Die erhaltenen Gesamtschatzungsregister bilden nur eine, wenn auch die weitaus größte, von fünf Steuerklassen ab, die sowohl Patrizier als auch kleine Handwerker und Tagelöhner umfasste. Klerus, Niederadel, höhere Beamte und Offizierskorps gehörten zu anderen Steuerklassen und sind hier nicht aufgeführt. In den Gesamtschatzungslisten fehlende Akteure lassen sich mit den sogenannten Umschreiberegistern der jeweiligen Leischaften erfassen.

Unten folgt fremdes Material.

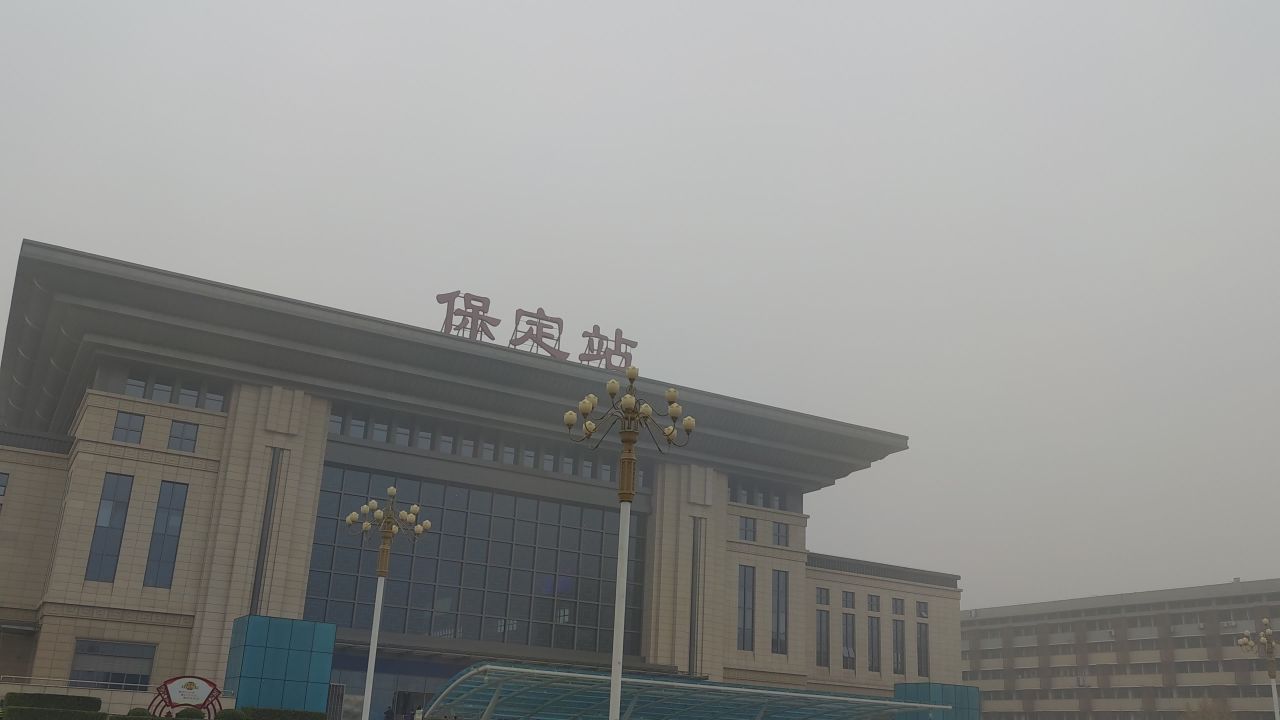 大学 保定 33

Exakte Rückschlüsse auf die finanzielle Lage der Besteuerten lassen sowohl die regelmäßigen Schatzungslisten als auch die Gesamtschatzungsregister nur bedingt zu. Steuerpflichtige werden zwar grob nach Berufsgruppe und Vermögensverhältnissen veranlagt. Es gibt aber keine systematische Berechnung vermögensbezogener Steuersätze.

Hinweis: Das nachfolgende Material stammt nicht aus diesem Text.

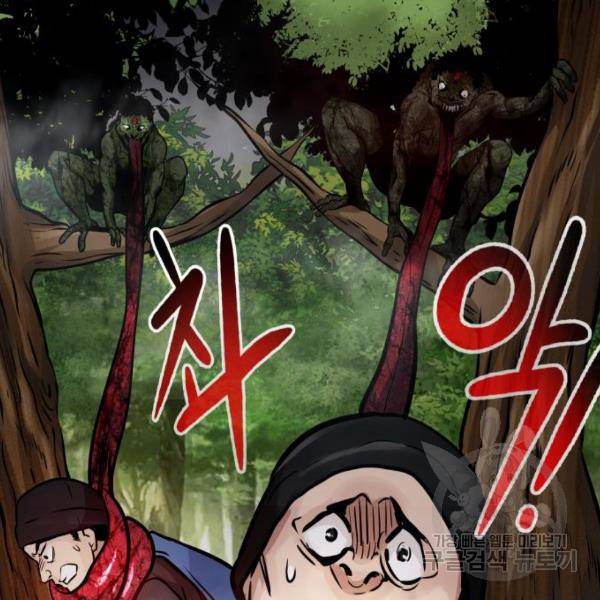 만능잡캐 24화 235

Anders als die Einwohner-Verzeichnisse seit der Mitte des 19. Jahrhunderts, gibt es für die Gesamtschatzungs-Listen keine durchgängigen Namensregister. Allerdings werden die Bände für die Jahre 1669 und 1770 durch Personenregister erschlossen, die im Lesesaal eingesehen werden können.
Literatur
- Lahrkamp, Helmut, Münsters Bevölkerung um 1685 (Quellen und Forschungen zur Geschichte der Stadt Münster, N.F. 6), Münster 1972 (enthält rekonstruierte Einwohnerlisten und –statistiken für das späte 17. Jahrhundert).
- Lahrkamp, Helmut (Hg.): Bevölkerung und Topographie Münsters um 1770 (Quellen und Forschungen zur Geschichte der Stadt Münster, N.F. 10), Münster 1980 (enthält rekonstruierte Einwohnerlisten und ausführliche Angaben zu Häusern).
- Lahrkamp, Monika, Münster in napoleonischer Zeit 1800–1815 (Quellen und Forschungen zur Geschichte der Stadt Münster, N.F. 7/8), Münster 1976. (S. 265–282, Überblick über die städtische Finanzverwaltung in fürstbischöflicher Zeit).
- Wilfried Reininghaus/ Marcus Stumpf (Hgg.): Schatzungs- und Steuerlisten als Quellen der landesgeschichtlichen Forschung, Münster 2014.
- Siekmann, Mechthild, Die Stadt Münster um 1770 (Schriftenreihe der Geographischen Kommission im Provinzialinstitut für Westfälische Landes- und Volksforschung; Siedlung und Landschaft in Westfalen,18), Münster 1989.